Leaving out only the pictures, write out all the entries exactly.

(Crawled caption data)
****************
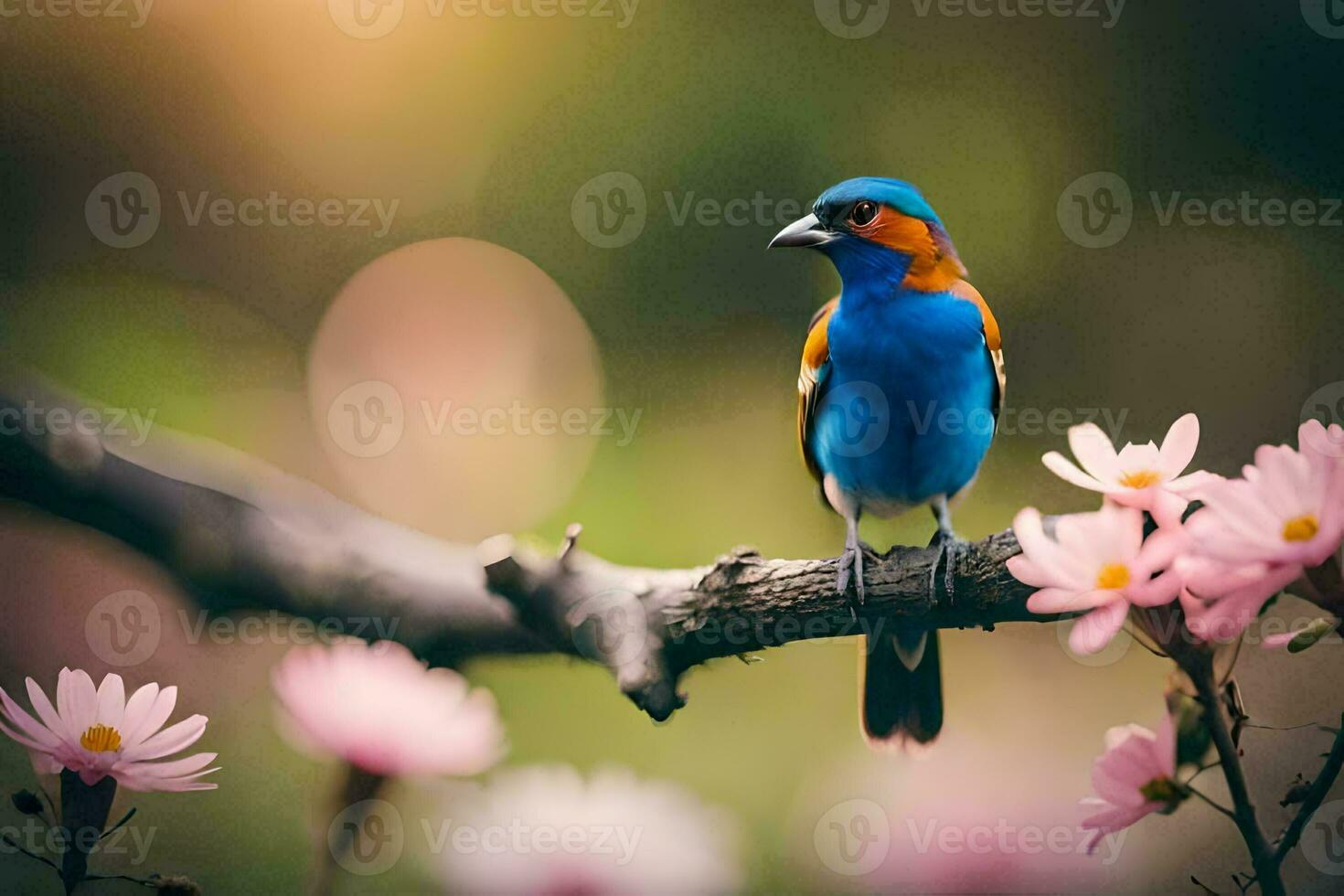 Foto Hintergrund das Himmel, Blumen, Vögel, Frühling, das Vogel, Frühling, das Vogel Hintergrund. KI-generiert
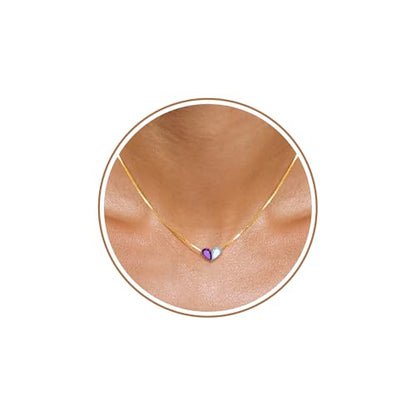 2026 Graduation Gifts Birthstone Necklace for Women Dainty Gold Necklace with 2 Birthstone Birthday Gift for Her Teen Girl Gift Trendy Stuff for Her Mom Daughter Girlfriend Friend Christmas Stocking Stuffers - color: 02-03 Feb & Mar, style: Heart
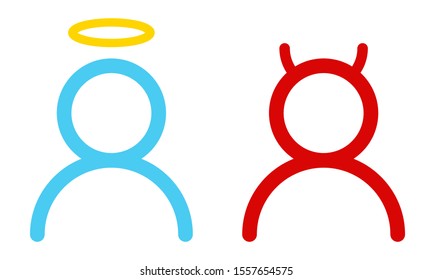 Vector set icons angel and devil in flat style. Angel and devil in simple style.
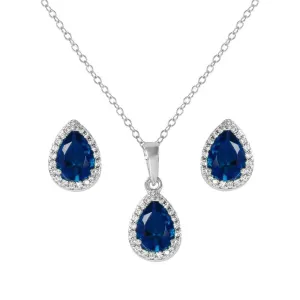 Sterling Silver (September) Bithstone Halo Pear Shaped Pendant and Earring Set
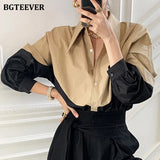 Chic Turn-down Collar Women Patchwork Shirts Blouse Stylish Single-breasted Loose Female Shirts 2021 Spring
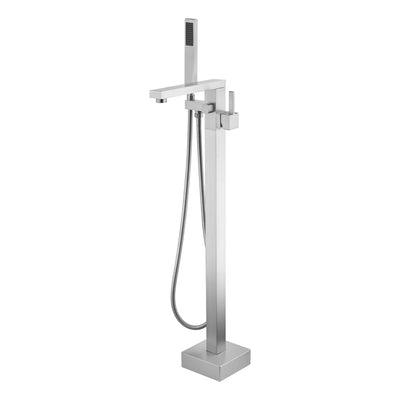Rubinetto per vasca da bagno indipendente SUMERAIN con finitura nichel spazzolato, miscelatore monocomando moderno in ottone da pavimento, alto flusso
****************
» **REPLY**:
 Foto Hintergrund das Himmel, Blumen, Vögel, Frühling, das Vogel, Frühling, das Vogel Hintergrund. KI-generiert
 2026 Graduation Gifts Birthstone Necklace for Women Dainty Gold Necklace with 2 Birthstone Birthday Gift for Her Teen Girl Gift Trendy Stuff for Her Mom Daughter Girlfriend Friend Christmas Stocking Stuffers - color: 02-03 Feb & Mar, style: Heart
 Vector set icons angel and devil in flat style. Angel and devil in simple style.
 Sterling Silver (September) Bithstone Halo Pear Shaped Pendant and Earring Set
 Chic Turn-down Collar Women Patchwork Shirts Blouse Stylish Single-breasted Loose Female Shirts 2021 Spring
Rubinetto per vasca da bagno indipendente SUMERAIN con finitura nichel spazzolato, miscelatore monocomando moderno in ottone da pavimento, alto flusso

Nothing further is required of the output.